Iran is continuing to use front companies and other concealment methods to circumvent U.N. sanctions but the bans have succeeded in slowing its nuclear and ballistic missile programs, according to a report by U.N. experts obtained Tuesday by The Associated Press.

The expert panel said sanctions have made it harder, costlier and riskier for Iran to acquire items needed for its banned nuclear and missile activities.

"At the same time, Iran's circumvention of sanctions across all areas, in particular the use of front companies, concealment methods in shipping, financial transactions and the transfer of conventional arms and related materiel is willful and continuing," the panel said. "Iran maintains its uranium enrichment and heavy water-related activities ... and in the area of ballistic missiles, continues to test missiles and engage in prohibited procurement."

It said most violations of the ban on Iran exporting conventional arms involve Syria, its neighbor and ally.

The U.N. Security Council imposed a fourth round of sanctions against Iran in June for refusing to suspend uranium enrichment and start negotiations with the U.S., Russia, China, Britain, France and Germany on its supect nuclear program.

The eight-member panel was appointed in November to assess implementation of the sanctions. Security Council diplomats said its final report to the council committee monitoring sanctions against Iran could be made public as early as Thursday.

The new sanctions target Iran's powerful Revolutionary Guard Corps, which controls companies and organizations that have links to weapons proliferation, as well as companies or organizations involved in nuclear or ballistic missile activities and linked to the government controlled Islamic Republic of Iran Shipping Lines.

In the report, the panel said the Revolutionary Guard Corps' influence on decision-making on nuclear and ballistic missile programs "is regarded as increasing through its growing political, economic and social power."

Elements of the Revolutionary Guard, known as the IRGC, are engaged in a wide range of prohibited activities, including acquiring material and technology for its nuclear and ballistic missile programs, smuggling banned material and weapons, and establishing front companies to evade sanctions, it said.

While the latest sanctions order the freezing of financial assets of 15 companies and organizations linked to the Revolutionary Guard, along with some individual guard members, the panel said this is only a "limited number" of those involved in illegal activities.

"Given the use of aliases and ease with which front companies engaged in procurement ... can be established, Iran is successfully evading the impact of sanctions designating specific IRGC entities," the panel said.

The report details nine incidents of alleged sanctions violations by Iran including the NATO-led force's seizure of an ammunition shipment from the IRGC to the Taliban in February in Nimruz province, Afghanistan, and Israel's seizure of three crates of arms bound from Syria to Egypt in March.

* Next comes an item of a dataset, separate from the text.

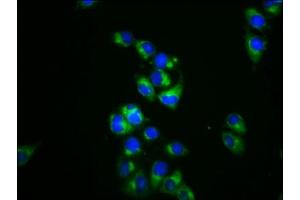 Immunofluorescence staining of Hela cells with ABIN7150934 at 1:133, counter-stained with DAPI. (DRP2 anticorps  (AA 697-833))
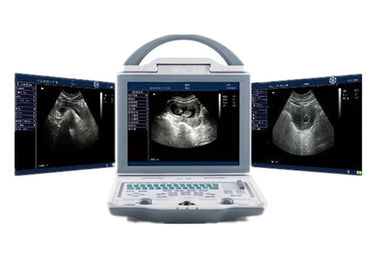 Analizzatore portatile di ultrasuono della macchina di ultrasuono dell'ospedale con i connettori doppi della sonda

After an investigation, the panel concluded that Iran attempted to illegally transfer 13 containers of ammunition to West Africa, which were intercepted by Nigerian authorities last October.

It said two Revolutionary Guard front companies played key roles — Behineh Trading Company and International Trading and General Construction — and called on the Security Council to impose sanctions on both companies as well as two individuals.

It also urged the council to seek additional information on two shipping companies affiliated with Iran Shipping Lines with a view to imposing sanctions against them.

"Overall, the panel has found that sanctions are constraining Iran's procurement of items related to prohibited nuclear and ballistic missile activity and thus slowing development of these programs," the panel said.

But while slowing Iran's nuclear program, it said sanctions are "not yet having an impact on the decision calculus of its leadership with respect to halting uranium enrichment and heavy water-related activities."

The report said Iran may be seeking additional supplies of natural uranium both for the planned heavy water reactor in Arak or an expansion of its ongoing enrichment activities, the report said.

Nonetheless, the panel said, "sanctions have clearly forced changes in the way in which Iran procures items."

"Iran is increasingly seeking technologies and know-how to improve its indigenous production capabilities in the nuclear area," the report said. "These are not items found on specific control lists ... but that improve Iran's ability to produce controlled items indigenously."

One example, the panel said, is a shipment of rolls of "phosphor bronze mesh wire," seized by South Korean authorities in February. It concluded that the wire could be used in Iran's heavy water research reactor, which is under construction.

It said Iran is also seeking to purchase equipment not on control lists that can be used to produce material and spare parts for its ballistic missile program.

The panel cited its inspection of 302 drums of aluminum powder being shipped to Iran from China and intercepted by Singaporean authorities in January. It can be used in paints and plastics but the report said it would also produce 100 tons of rocket propellant.

While U.N. member states are taking a more active role in implementing sanctions by strengthening export controls, watching financial transactions and monitoring port and customs activities, the panel lamented that only 66 of the 192 U.N. member states have submitted required reports on measures they are taking to implement the latest sanctions against Iran.